If presidents were movies, Barack Obama would not be Inherit the Wind. He would be… oh let’s say… Ghostbusters. Ghostbusters is a pretty good movie. It’s funny. It’s got some good performances and quotable lines. If it happened to be on TV I would probably watch it. But it’s not in the same league as Inherit the Wind.
On the other hand, the Bush presidency in my opinion has been Plan 9 From Outer Space. There’s very, very little for me to recommend it, whether we’re considering faith-based initiatives, or otherwise funneling money into organizations with evangelical ties like Blackwater, or constant lip service to the National Day of Prayer, or an aide’s snide dismissal of the “reality-based community.”
There is simply no comparison. It’s not mere partisanship that impels me to say that Barack Obama is likely to be a better president than George Bush. It’s simply that it would be hard for him to do much worse.
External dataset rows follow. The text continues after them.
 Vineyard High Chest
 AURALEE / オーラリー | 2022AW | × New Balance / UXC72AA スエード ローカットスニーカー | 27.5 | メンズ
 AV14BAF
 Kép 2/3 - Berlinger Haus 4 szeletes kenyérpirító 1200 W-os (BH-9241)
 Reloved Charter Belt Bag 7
I disagree with the new president on some of his choices, and appreciate him for others — like his straightforward acknowledgment of non-believers as part of our nation’s heritage. A minor thing, it doesn’t translate into any policy changes, but it’s something Bush would never, ever have done.
However, as with everything, I reserve the right to change my opinion when presented with new evidence. So when Obama does something clearly offensive to the atheist community, I promise you’ll hear about it from me.
Hey gang. Did you hear?
George W. Bush is not the president any more! He’s gone! Out!
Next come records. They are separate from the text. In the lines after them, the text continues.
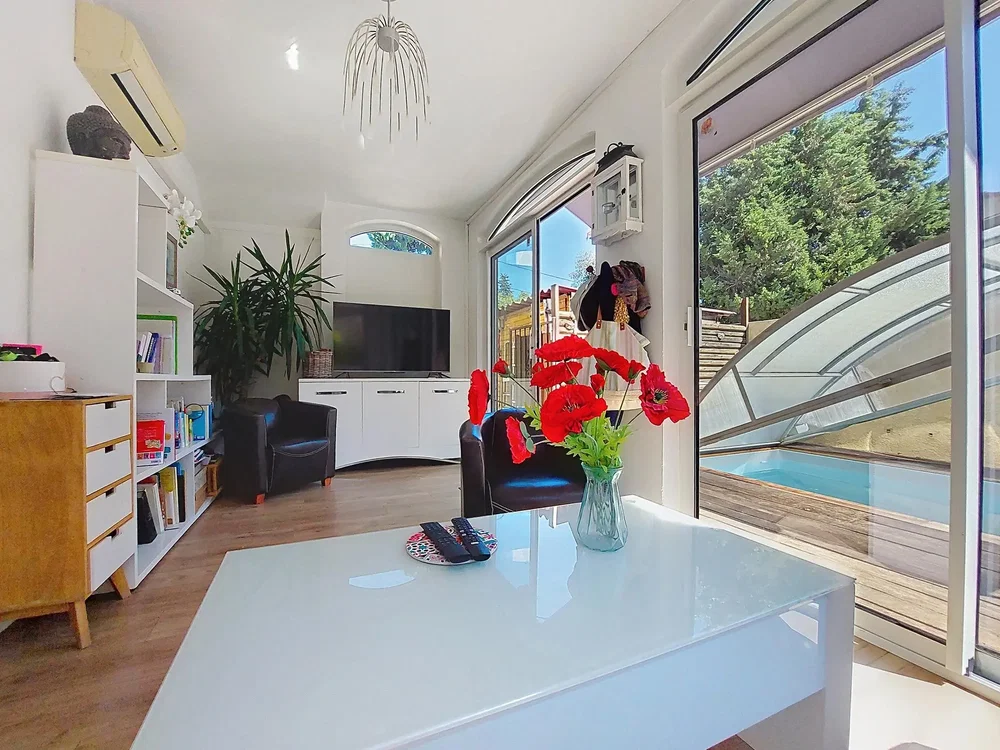 Woonkamer
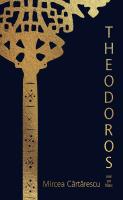 Okładka książki Theodoros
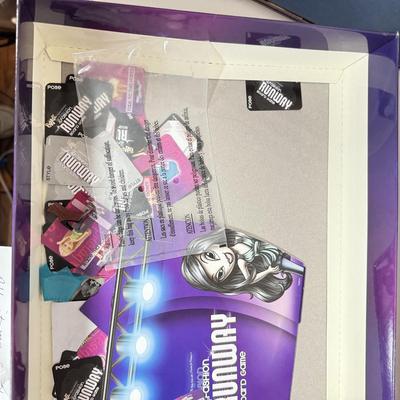 LOT 92: Collection of Board Games - Some NIP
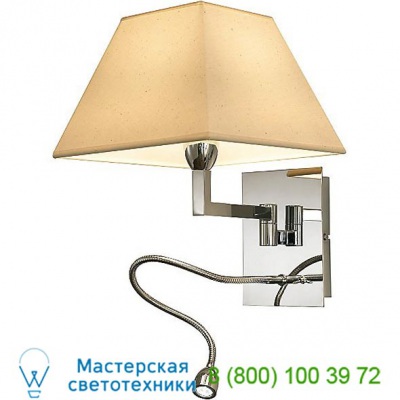 Carlota G FL Wall Light F524005U/P487 Bover, бра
That frackin’ miserable useless failure has joined the expanding ranks of our nation’s many unemployed!
We have a new guy. I like him. I have high, but realistic hopes for him. I do think there has been a bit of excess from the media hype machine about his inauguration, but I put that down to pride over the fact that the USA, with its utterly appalling history of racism, has elected a non-white president, as well as general excitement over the fact that George W. Bush is no longer the president!
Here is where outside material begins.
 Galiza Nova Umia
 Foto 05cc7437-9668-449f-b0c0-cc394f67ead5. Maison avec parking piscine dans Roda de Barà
I’m pleased to be living in an America where the people are excited, rather than appalled and embarrassed by, our president. But go easy on the rockstar stuff. President Obama has eight years of almost apocalyptic disaster to fix. It will take time. He will have failures as well as successes. He knows how hard a row he has to hoe. I just want all of his
slathering fans supporters to know that too. The higher they build you up, the longer and harder the fall you may be in for. Just remember, Obama is a man, not a messiah. I think he stands to be a better president than most we’ve had in my lifetime. But let’s keep our heads, and stay realistic. Today’s excitement aside, tomorrow we’re back to workaday. There’s a big job ahead.
Good luck, Mr. President.
Everyone is bitching about Barack Obama’s ill-advised choice to ask pop-pastor Rick Warren to deliver the invocation at his inauguration. I agree. Bad move, bad choice, total pandering. Warren talks a moderate game, but his views are not basically less conservative than the more blustery evangelicals out there. Warren’s support of Proposition 8 (aka Proposition H8) in California last month sends a message to the gay community that this supposedly liberal new president may not necessarily be as friendly to their concerns as one might think.
I know that Obama and Warren likely don’t see eye to eye on every single issue, and gay rights may be one of those issues. But you know, the company you keep says a lot about you. You’d think Obama might have learned a lesson about dubious religious affiliations earlier this year, what with all the flap about Wright. But maybe not. This could just be show business and not an indicator of how Obama’s first term will play out in the big picture. But…it does seem as if Obama will bear watching. We shouldn’t take him for granted, as many of his supporters have done, as some great progressive “messiah” who will usher in a new golden age in America, not just yet.